_Problem details_
Write the records out exactly, so that no picture remains in the copy.

_Pictures with short captions_
◇ ◇ ◇

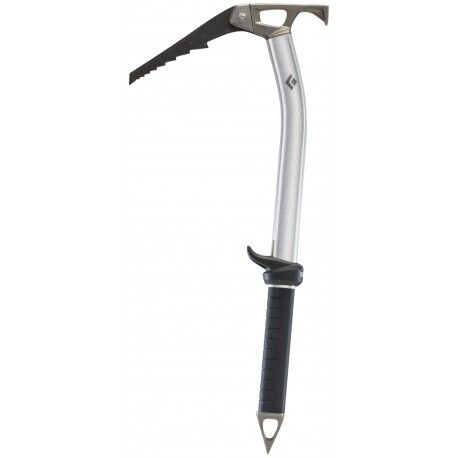 Black Diamond - Venom - Ice Axe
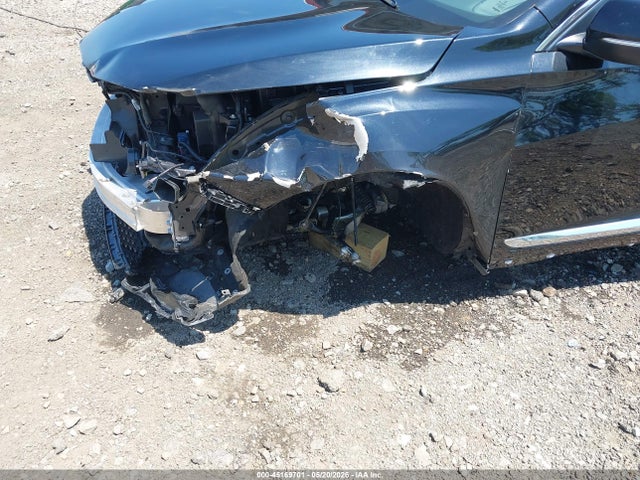 Aukcja sprzedaży 2024 Acura Rdx Standard, vin: 5J8TC2H3XRL037908, numer aukcji: 45169701
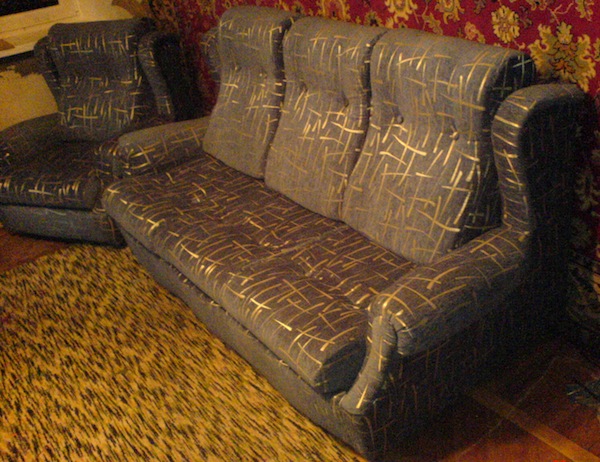 sofa-with-french-folding-bed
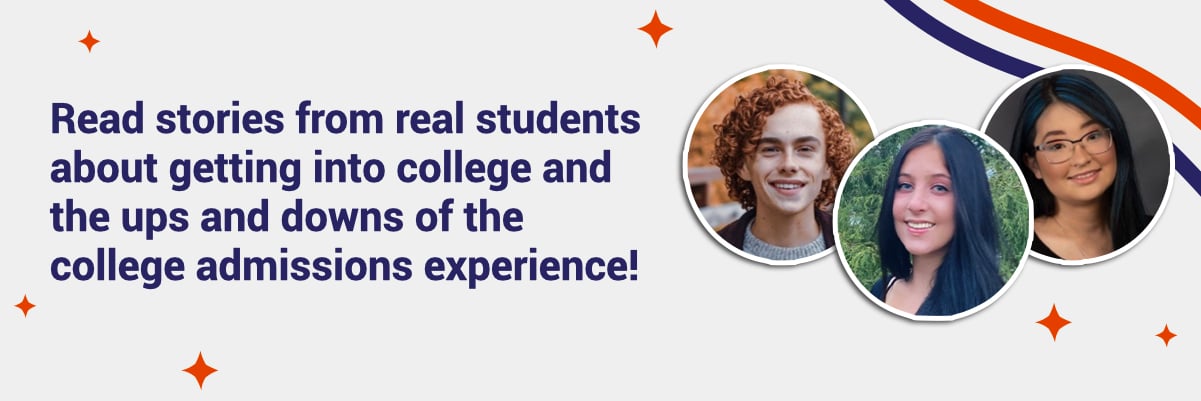 readstudentstories-bannerad readstudentstories-bannerad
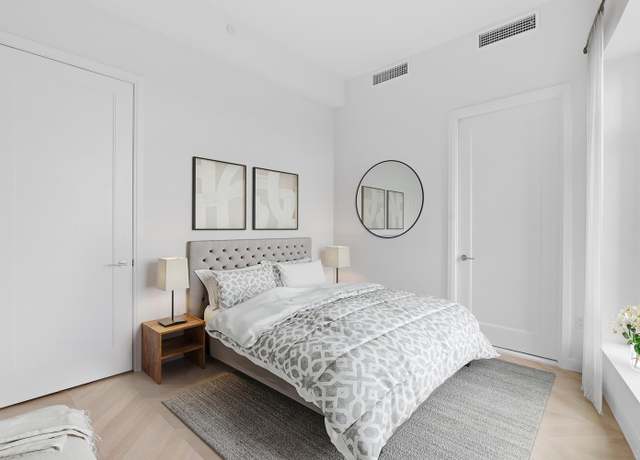 Property at 29-18 41st Ave Unit 2-D, New York City, NY 11101, 2 beds, 2 baths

◇ ◇ ◇

_Answer space_
 Black Diamond - Venom - Ice Axe
 Aukcja sprzedaży 2024 Acura Rdx Standard, vin: 5J8TC2H3XRL037908, numer aukcji: 45169701
 sofa-with-french-folding-bed
 readstudentstories-bannerad readstudentstories-bannerad
 Property at 29-18 41st Ave Unit 2-D, New York City, NY 11101, 2 beds, 2 baths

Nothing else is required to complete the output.